Mentor: Shirley Ho (Flatiron Institute/ NYU/ Princeton)
Abstract: Are you passionate about merging the frontiers of astronomy and artificial intelligence? Do you envision a future where machine learning plays a pivotal role in unraveling the mysteries of the universe? We invite you to be part of an exciting initiative that combines the power of AI with the insights of astronomy. At the Flatiron Institute, we are embarking on a groundbreaking project: the creation of “ScienceGPT.” This visionary endeavor aims to develop a comprehensive scientific generalist machine learning model that harnesses the collective knowledge and insights from various physical science disciplines. Our goal is to pre-train this model on a vast and diverse dataset, enabling it to provide invaluable insights and solutions across a wide range of scientific challenges.
We are currently seeking enthusiastic and motivated master’s students to join our dynamic team and contribute to two key threads of the project:
- Astronomy Integration: Dive into the universe’s mysteries by bridging the gap between astronomy and AI. Work closely with our experts to incorporate astronomical data and theories into the “ScienceGPT” framework. Your contributions will empower the model to understand and interpret astronomical phenomena, ultimately advancing our understanding of the cosmos.

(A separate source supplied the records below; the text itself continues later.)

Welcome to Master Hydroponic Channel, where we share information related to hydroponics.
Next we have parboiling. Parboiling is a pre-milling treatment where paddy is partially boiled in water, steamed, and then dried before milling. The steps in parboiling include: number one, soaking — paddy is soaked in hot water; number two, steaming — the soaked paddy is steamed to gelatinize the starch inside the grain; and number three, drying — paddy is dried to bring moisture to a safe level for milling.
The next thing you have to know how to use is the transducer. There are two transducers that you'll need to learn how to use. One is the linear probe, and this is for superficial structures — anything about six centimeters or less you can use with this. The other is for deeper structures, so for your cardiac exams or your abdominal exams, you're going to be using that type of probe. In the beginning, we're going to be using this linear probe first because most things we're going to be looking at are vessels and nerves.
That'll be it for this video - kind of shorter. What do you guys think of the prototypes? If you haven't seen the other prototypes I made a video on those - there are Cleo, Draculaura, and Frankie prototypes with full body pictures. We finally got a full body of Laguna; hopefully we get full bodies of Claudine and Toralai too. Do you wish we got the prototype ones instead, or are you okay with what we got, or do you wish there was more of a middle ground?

- AI Advancement: Push the boundaries of artificial intelligence by developing innovative algorithms and techniques tailored to the unique demands of scientific data. Collaborate with our AI specialists to enhance the model’s capacity to process complex information, recognize patterns, and provide meaningful insights.

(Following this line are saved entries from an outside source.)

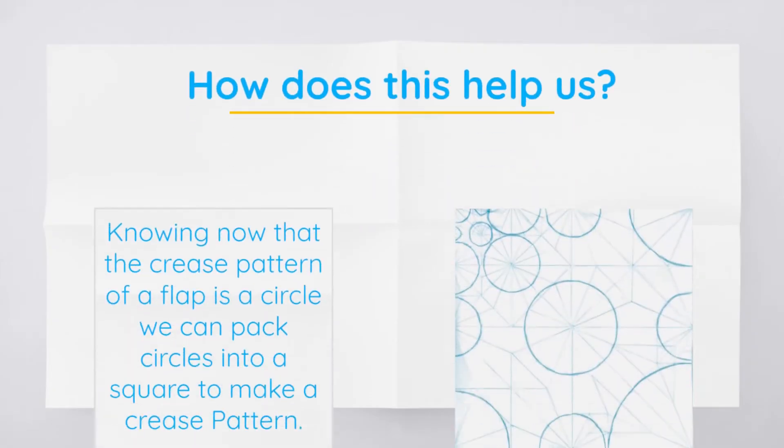For a challenge, I'd like you to look at this — it's my fire dragon crease pattern. I'd like you to try finding the feet, the wings, the tail, and the head. You may be able to see why they are where they are and why that's important.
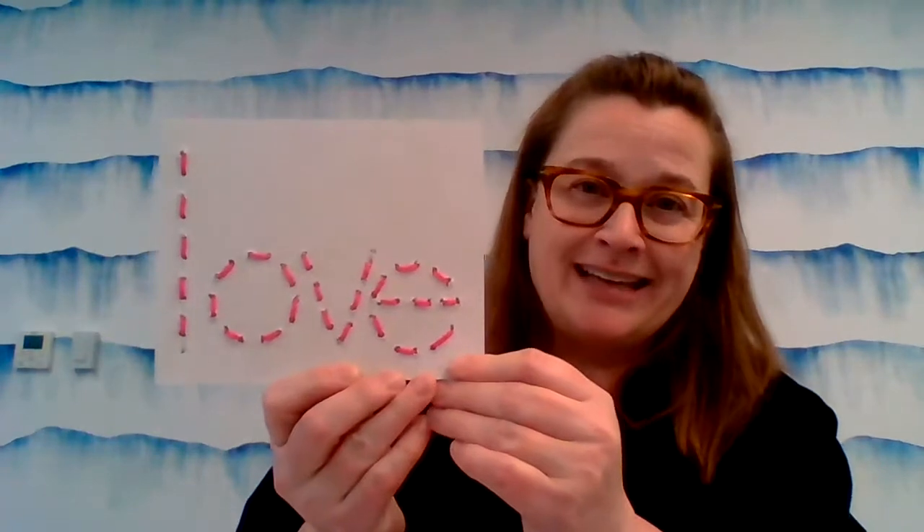Let me show you the finished product. You're going to be making yarn art. This is done with a piece of cardboard and just yarn. It's got different shades of pinks and reds in it, and here's another sample — L-O-V-E.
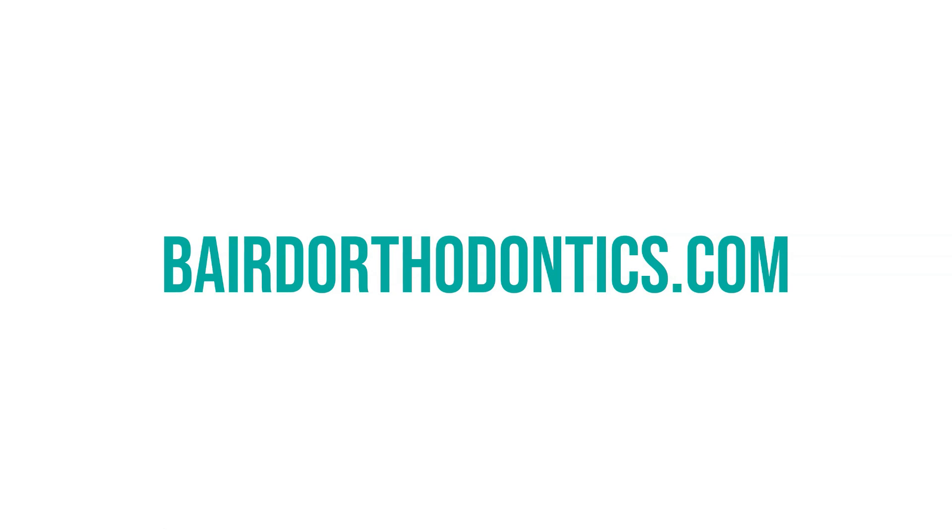Thank you for watching this video. For more information on orthodontic treatment, visit BairdOrthodontics.com.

As a member of our team, you will have the opportunity to:
- Collaborate with leading researchers in both astronomy and AI fields.
- Gain hands-on experience in building and fine-tuning large-scale machine learning models.
- Contribute to groundbreaking advancements with potential implications for various scientific disciplines.
- Work in a stimulating and collaborative environment that encourages creativity and critical thinking.
Whether you have a background in astronomy, AI, or both, this project offers a platform for you to apply your skills in a meaningful and transformative way. Together, let’s push the boundaries of knowledge and technology to redefine the future of astrophysics and AI.